Lukas Dhont: "Girl tem um efeito visceral!"
Numa altura em que o cinema e o entretenimento em geral (em Londres, no West End, um dos maiores sucessos é o musical Jamie, sobre um adolescente de Sheffield que se torna drag queen tornam acessíveis temas tabu como a homossexualidade entre os adolescentes, surge Girl, de Lukas Dhont, que gira em torno de uma história verdadeira de um rapaz bailarino que luta para mudar de sexo. O filme é baseado numa história verdadeira e é já um conto de bandeira pelos direitos da comunidade transgender.
Sensível (tem coragem para estar sempre à altura da personagem) mas também maniqueísta (ao qual não será indiferente todo aquele artificialismo de uma câmara algo exibicionista), Girl é já um dos filmes mais premiados do ano, após ter recebido a Câmara de Ouro (melhor primeira obra) em Cannes.
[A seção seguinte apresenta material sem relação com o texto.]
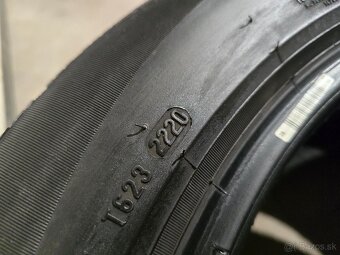 Zimné Pneu Pirelli 195/60 R16 - 5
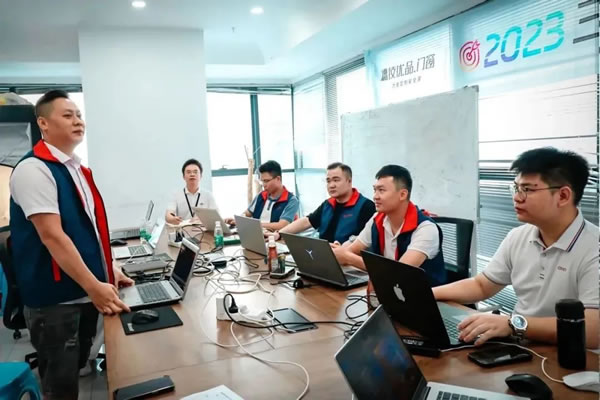 赋能满满！德技优品商学院2023三维家设计基础特训营圆满收官！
Em Portugal foi estreado no último Queerlisboa, onde acabou por não ter muito impacto mediático.
Dhont filma a dolorosa experiência de descobrirmos o corpo errado, ou seja, as dores de crescimento de uma jovem no corpo de um rapaz. Victor quer ser Lara e é no ballet que quer assumir a sua diferença, mesmo tendo um pénis pelo meio. Pelo meio, vai ter de se esforçar nos ensaios de um ballet e adaptar-se à sua condição num meio social e familiar que pode não estar preparado para a mudança de sexo, não obstante o apoio do pai e do seu irmão mais novo. Ao mesmo tempo que tenta mudar de sexo, Victor/Lara começa a perceber o que é ser uma mulher.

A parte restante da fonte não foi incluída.